Angela Merkel, come Bismarck, è stata padrona della cerimonia insieme ad Antonio Guterres, Segretario Generale delle Nazioni Unite; è stato evidente, durante l’ultima conferenza stampa tenutasi nell’aula della Cancelleria, che “un piccolo passo avanti” è stato fatto, ma per garantire un rispetto efficace e duraturo della fine delle ostilità, dovranno essere organizzati incontri inter-libici tra i rappresentanti militari cirenaici (Fezzan) e tripolini. Antonio Guterres ha dichiarato che un’invito con tale scopo verrà inoltrato “nei prossimi giorni”; i “termini” di un accordo di cessate il fuoco prevedono che i due campi rivali dovranno formare una “commissione militare” composta da dieci ufficiali, cinque per parte. Questa commissione sarà responsabile e dovrà regolare sul “campo” i meccanismi di attuazione del cessate il fuoco.

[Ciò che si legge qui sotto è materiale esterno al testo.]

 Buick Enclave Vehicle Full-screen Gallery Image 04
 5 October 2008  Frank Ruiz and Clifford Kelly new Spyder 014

L’altro punto strategico e sensibile del conflitto è quello relativo alle ingerenze più o meno dirette di paesi stranieri all’interno della “questione” libica. Infatti ha affermato Guterres che il documento di Berlino prevede anche che tutti i partecipanti si impegnino a rinunciare alle interferenze nel conflitto armato o negli affari interni della Libia”. La Turchia sostiene militarmente il governo di Fayez al-Sarraj a Tripoli e la Russia, nonostante le sue smentite, è sospettata di sostenere l’uomo forte della Libia orientale, il maresciallo Khalifa Haftar. La grande preoccupazione per la presenza dei combattenti siriani e stranieri nella città di Tripoli”, a supporto del governo locale sostenuto dall’Onu. ha spinto il presidente francese Emmanuel Macron a chiedere, prima del termine del “Congresso”, che “cessasse” l’invio a Tripoli di tali milizie.

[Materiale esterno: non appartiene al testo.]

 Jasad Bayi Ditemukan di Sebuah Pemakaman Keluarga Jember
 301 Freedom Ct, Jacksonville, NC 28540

Tuttavia nel velato scetticismo generale dove Sergej Viktorovič Lavrov, Ministro degli Affari Esteri della Russia, dichiara strategicamente “insignificante il summit” di Berlino e le affermazioni del Ministro degli Affari Esteri del Congo-Brazzaville, Jean-Claude Gakosso, presente a Berlino, che chiede una “soluzione africana al conflitto”, mi viene a mente la “composizione” del Congresso di Berlino del 1878: Otto Von Bismarck, Benjamin Disraeli, Gyula Andrássy, il greco Alexander Karatheodori Pasha per l’Impero ottomano, William Waddington, Luigi Corti e Aleksandr Michajlovič Gorčakov, personaggi di enorme “spessore” anche personale oltre che diplomatico e strategico, senza dubbio adeguati alla loro funzione.